Frequencies derived from public community-tagged interview reports. Click a row to view on LeetCode.

The hedge

You have a week, maybe less. You can't out-grind the list above. StealthCoder runs invisibly during the actual Honeywell OA. The proctor cannot see it. Screen share cannot detect it. Built by an Amazon engineer who used it to pass JPMorgan's OA and system design loop.

Get StealthCoder
Topic distribution
What this means

Array problems appear in all four questions, which means your first priority is speed and accuracy with indexing, iteration, and range logic. Two Sum and Minimum Distance to the Target Element are your confidence builders. The medium tier jumps complexity by layering in hash tables (to deduplicate or count efficiently), sliding windows (for cache-like state), and greedy decision-making on matrices. Count Zero Request Servers and Maximum Matrix Sum both require you to think beyond a simple loop. Hash tables appear twice across the dataset, sliding windows once. Sort and greedy patterns each show up once but both live in medium problems, so don't neglect them. If you've drilled Two Sum and array basics hard, you're safe on the easy tier. The medium questions are where the assessment earns its keep. If you hit a wall during the OA on either medium problem, StealthCoder is your safety net, invisible to the proctor.

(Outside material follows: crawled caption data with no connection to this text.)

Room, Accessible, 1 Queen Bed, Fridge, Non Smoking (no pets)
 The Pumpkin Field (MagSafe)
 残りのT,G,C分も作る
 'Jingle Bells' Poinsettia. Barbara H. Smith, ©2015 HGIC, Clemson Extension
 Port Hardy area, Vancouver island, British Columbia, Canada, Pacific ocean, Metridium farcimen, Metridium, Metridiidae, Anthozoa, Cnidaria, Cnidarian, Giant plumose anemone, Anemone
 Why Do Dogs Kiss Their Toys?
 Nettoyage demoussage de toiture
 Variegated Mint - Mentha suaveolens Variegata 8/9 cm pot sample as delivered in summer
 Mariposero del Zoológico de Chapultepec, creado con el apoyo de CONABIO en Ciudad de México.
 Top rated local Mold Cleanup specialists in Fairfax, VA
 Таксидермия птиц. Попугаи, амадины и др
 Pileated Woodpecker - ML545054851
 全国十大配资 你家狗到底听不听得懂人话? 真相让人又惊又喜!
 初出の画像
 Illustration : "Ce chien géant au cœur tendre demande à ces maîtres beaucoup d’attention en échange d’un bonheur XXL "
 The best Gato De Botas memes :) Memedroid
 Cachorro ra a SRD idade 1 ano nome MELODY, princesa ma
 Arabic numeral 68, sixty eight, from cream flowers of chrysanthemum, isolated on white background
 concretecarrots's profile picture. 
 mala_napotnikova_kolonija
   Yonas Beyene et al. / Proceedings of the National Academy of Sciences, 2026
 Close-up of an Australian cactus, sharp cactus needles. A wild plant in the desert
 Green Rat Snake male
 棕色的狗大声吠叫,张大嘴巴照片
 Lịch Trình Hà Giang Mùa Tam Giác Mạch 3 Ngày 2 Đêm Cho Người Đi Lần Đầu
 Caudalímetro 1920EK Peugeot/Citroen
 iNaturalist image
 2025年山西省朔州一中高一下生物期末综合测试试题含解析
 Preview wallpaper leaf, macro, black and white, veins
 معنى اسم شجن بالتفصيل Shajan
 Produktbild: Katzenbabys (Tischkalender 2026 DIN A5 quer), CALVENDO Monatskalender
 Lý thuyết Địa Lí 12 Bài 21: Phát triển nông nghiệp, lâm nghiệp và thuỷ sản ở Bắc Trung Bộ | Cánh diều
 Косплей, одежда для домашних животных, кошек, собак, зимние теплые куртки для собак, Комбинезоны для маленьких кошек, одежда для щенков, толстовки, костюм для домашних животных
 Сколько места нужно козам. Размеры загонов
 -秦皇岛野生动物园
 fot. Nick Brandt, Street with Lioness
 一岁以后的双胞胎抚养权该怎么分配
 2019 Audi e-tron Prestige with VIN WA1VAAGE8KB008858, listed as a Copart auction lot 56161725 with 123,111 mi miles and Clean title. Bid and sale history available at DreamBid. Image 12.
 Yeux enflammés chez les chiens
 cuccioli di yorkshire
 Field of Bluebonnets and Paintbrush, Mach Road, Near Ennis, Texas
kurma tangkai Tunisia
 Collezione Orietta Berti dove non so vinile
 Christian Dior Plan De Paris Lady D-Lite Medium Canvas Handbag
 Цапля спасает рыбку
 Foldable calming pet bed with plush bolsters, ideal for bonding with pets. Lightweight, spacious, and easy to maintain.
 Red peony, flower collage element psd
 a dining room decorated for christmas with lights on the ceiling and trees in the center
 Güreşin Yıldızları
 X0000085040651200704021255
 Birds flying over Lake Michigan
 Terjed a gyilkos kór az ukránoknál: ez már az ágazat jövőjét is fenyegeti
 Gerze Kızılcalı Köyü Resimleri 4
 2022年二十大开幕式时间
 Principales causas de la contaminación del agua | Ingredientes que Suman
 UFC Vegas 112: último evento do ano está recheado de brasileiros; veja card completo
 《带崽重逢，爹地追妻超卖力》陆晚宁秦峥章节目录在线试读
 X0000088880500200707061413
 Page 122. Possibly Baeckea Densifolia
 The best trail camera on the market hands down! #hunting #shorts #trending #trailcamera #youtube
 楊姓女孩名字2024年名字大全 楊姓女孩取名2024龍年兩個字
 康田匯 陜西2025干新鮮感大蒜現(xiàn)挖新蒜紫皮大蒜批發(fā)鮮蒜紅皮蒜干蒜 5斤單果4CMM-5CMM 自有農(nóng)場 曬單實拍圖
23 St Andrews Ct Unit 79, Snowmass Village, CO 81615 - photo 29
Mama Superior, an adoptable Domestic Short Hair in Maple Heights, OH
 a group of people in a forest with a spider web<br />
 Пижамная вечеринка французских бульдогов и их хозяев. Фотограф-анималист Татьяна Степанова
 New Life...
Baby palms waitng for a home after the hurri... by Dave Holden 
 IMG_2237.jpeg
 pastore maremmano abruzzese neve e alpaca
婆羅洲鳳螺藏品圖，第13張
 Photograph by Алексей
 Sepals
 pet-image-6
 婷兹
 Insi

Companies with similar patterns

If you prepped for Honeywell, these companies recycle ~60% of the same topics.

The honest play

You've seen the list. Now make sure you pass Honeywell.

Memorizing every problem above in a week is a fantasy. StealthCoder is the hedge: an AI overlay that's invisible during screen share. It reads the problem on screen and surfaces a working solution in under 2 seconds. Built by an Amazon engineer who used it to pass JPMorgan's OA and system design loop. Works on HackerRank, CodeSignal, CoderPad, and Karat.

Honeywell interview FAQ

Should I study hash tables before sliding windows for Honeywell?+

Hash tables appear twice in the dataset (Two Sum and Count Zero Request Servers). Sliding windows appears once. Start with hash tables for speed on the easy tier, then layer in sliding window logic for the harder medium problem. Both will be live in the OA.

How much time should I spend on matrix problems?+

Matrix appears once, in Maximum Matrix Sum, a medium difficulty. It's paired with greedy and array logic, so don't isolate matrix drills. Get comfortable with 2D array iteration and greedy property thinking in the context of row/column sums.

Is Two Sum going to be on the Honeywell assessment?+

Two Sum is the classic two-pointer/hash-table problem and it's in their reported problem set. It's easy difficulty. You need a clean, sub-linear solution ready to ship in under two minutes. No hesitation.

What's the hardest topic I'll see in Honeywell's OA?+

No hard problems are reported. The ceiling is medium, split between two questions. Both mix array work with hash tables or greedy logic. If you're solid on array fundamentals and hash tables, the medium tier is reachable. Greedy and sliding window are lower-frequency but still live.

How many array problems should I solve before the OA?+

All four reported problems touch arrays. Drill at least 20 to 30 array problems covering indexing, two pointers, and prefix logic. The four on Honeywell's list are your baseline. Everything else is depth and edge-case handling.

Problem frequencies sourced from public community-maintained interview-report repos. Problems, ratings, and trademarks are property of LeetCode and Honeywell. StealthCoder is not affiliated with Honeywell.